In a surprise move that turned out not to be all that surprising, the Pope named the 55 year-old rector/president of the Chicago diocese's Mundelein Seminary as one of three auxiliary bishops for the nation’s largest diocese in America — the 5 million-member archdiocese of Los Angeles — where he joins to other new auxiliaries: Msgr Joseph Brennan, 61, Irish-born Msgr David O’Connell, 61.
The appointment is notable because Barron was a protege of Francis Cardinal George and has become a media sensation with blogs, commentaries, media appearances, video series, and a widely known and highly regarded YouTube presence. A Hollywood Bishop is perhaps a signal of how important keeping up with the changes and opportunities of a vigorous media presence can be. Choosing someone as media savvy as Fr. Barron certainly means the Vatican is aware of both the opportunities and the pitfalls of an increasingly complex media world and has chosen someone whose voice and experience in this area are well known.

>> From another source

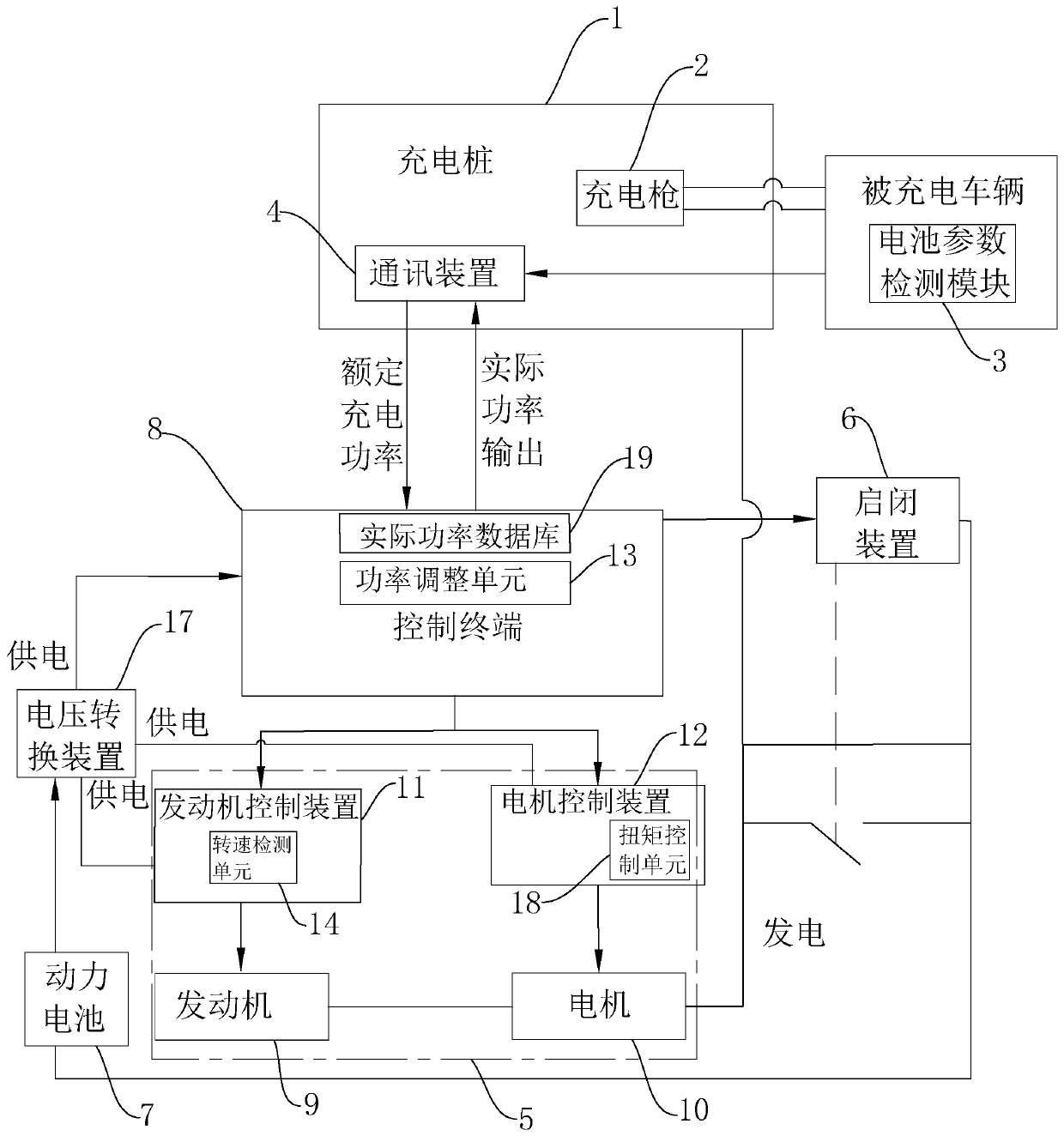 External power supply system and method for a mobile charging vehicle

Speaking entirely as an outsider, I was also surprised that the Pope chose someone who has been so clearly identified with the B16 wing of traditional Roman Catholicism (doctrine and practice). So it may seem that Francis does not have as much of an agenda here as once thought. I do not know. What I do know is that we Lutherans are in need of just the kind of people Fr. Barron is to Roman Catholics. We need seasoned individuals whose faces are well recognized and whose voices are well known to help us navigate the increasingly difficult choices available to us in a technological world with an emphasis on media. If Rome is acknowledging the role of the media in their program of new evangelization, it is up to us to figure out how best to use the resources and how to use them effectively to present who we are, what we believe, what we teach, and what we confess to a world that is so deeply entwined into social media and technology for news, information, and entertainment.
We have witnessed the effective stewardship of Adriane Heins as managing editor of The Lutheran Witness, we have seen how Facebook has been used by some among us, and we have witnessed the shift from blogs to Twitter and Instagram as technology morphs and changes. Navigating these options is a daunting task for those who still provide regular pastoral care the old fashioned way through visitation and the means of grace. But neither can we afford to ignore or overlook how we can use the media well. I would be merely one of too many voices to predict that this media will only increase in scope and power as a tool for or against the Gospel. We Lutherans need to be up on it and on our best game, to be sure. We do not need just a presence but an effective and faithful presence, the cultivation of a solid voice and visual to accompany our various witnesses to the unchanging Gospel. If you are one of those people so gifted or if you know of people, now is the time to raise up these people for service now and into the future.